Forum Moderators: phranque

Message Too Old, No Replies

Rewrite trailing slash to .html extension

         

madmatt69

5:53 pm on Mar 6, 2008 (gmt 0)

WebmasterWorld Senior Member 10+ Year Member



Hi all,

I'm trying to do some mod rewrite magic and not having a lot of success.

I have a blog where the links currently look like "site.com/category/topic-title/"

I'm trying to change it to be:
"site.com/category/topic-title.html"

Any suggestions on how to do this? I was thinking either ea 'redirect match' or a 'RewriteRule' but i just can't seem to get either one working.

"RedirectMatch 301 ^/category/([^/]+/)*(.*)$ [mysite.com...]

Is that totally incorrect?

Thanks for any help!

Swanny007

6:36 pm on Mar 6, 2008 (gmt 0)

WebmasterWorld Senior Member 10+ Year Member Top Contributors Of The Month



Why do you want the .html extension? Just a few days ago I used mod_rewrite to drop the extension altogether :-) Is it for SEO?
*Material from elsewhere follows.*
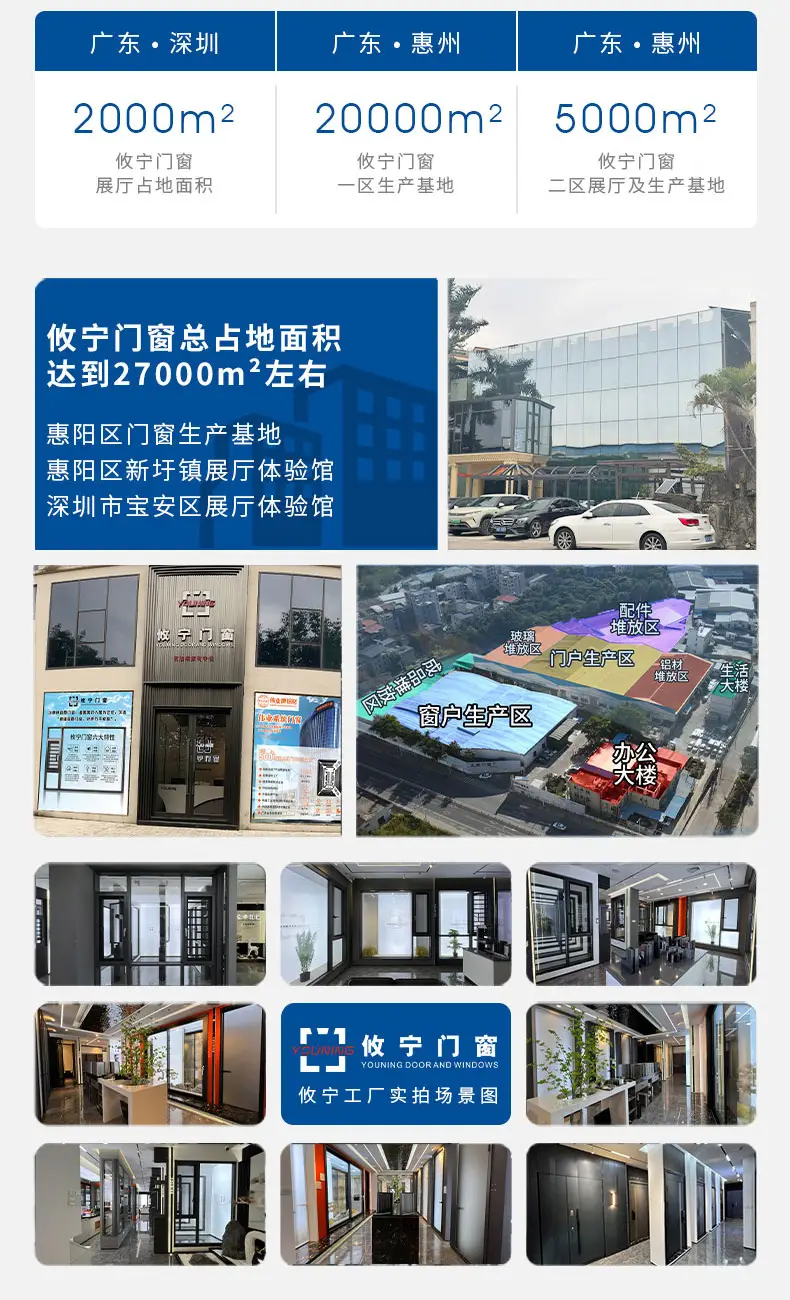 漫談價效比高的門窗廠家，鋁合金門窗哪家價效比高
I haven't tested this but something like this should work:
RewriteRule ^category/([A-Za-z0-9]+)/$ http://www.example.com/category/$1.html [R=301,NC]

I use a similar rule to force /category/ to /category (no trailing slash, no extension).

jdMorgan

10:34 pm on Mar 6, 2008 (gmt 0)

WebmasterWorld Senior Member 10+ Year Member



If you want to change the URL (as listed in search engines) then you must modify the blog script to put the new URLs in the links on your pages. You can't use mod_rewrite to change a URL, you can only use it to change the filepath associated with a URL, when that URL is requested from your server, or to redirect an old URL to a different URL once the links to that old URL are changed to the new URL. The URLs in the links on your pages define the URL seen by the world.
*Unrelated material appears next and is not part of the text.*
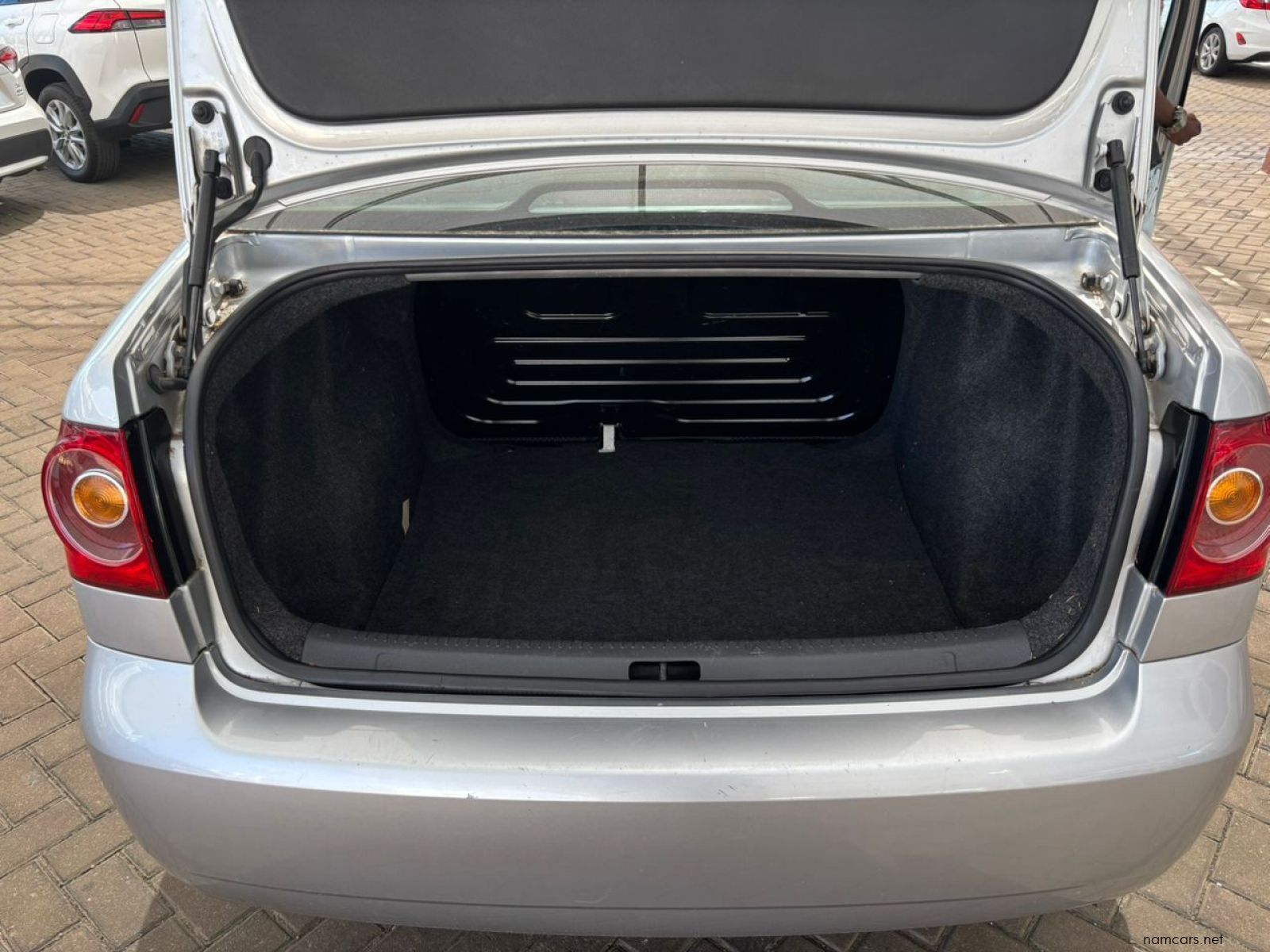 2012 Volkswagen Polo Vivo Trendline photo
And I also agree that adding the .html extension is counter-productive in several ways: It makes your URLs longer, it dilutes any keyword-in-URL ranking advantage by doing so, and it guarantees that you'll have to change your URLs again in the future if, say, you switch to .php.

Most Webmasters who can do so are currently removing file extensions, not adding them. The only change I'd recommend for a site like you describe is to remove the trailing slashes, since they too are a waste of bandwidth.

Jim

madmatt69

12:09 am on Mar 7, 2008 (gmt 0)

WebmasterWorld Senior Member 10+ Year Member



Heya,

What I wanted to do was make sure the old posts are redirected to the new ones.

I've heard the debate about the file extension and it seems for everyone that says drop them, there are others who say add them.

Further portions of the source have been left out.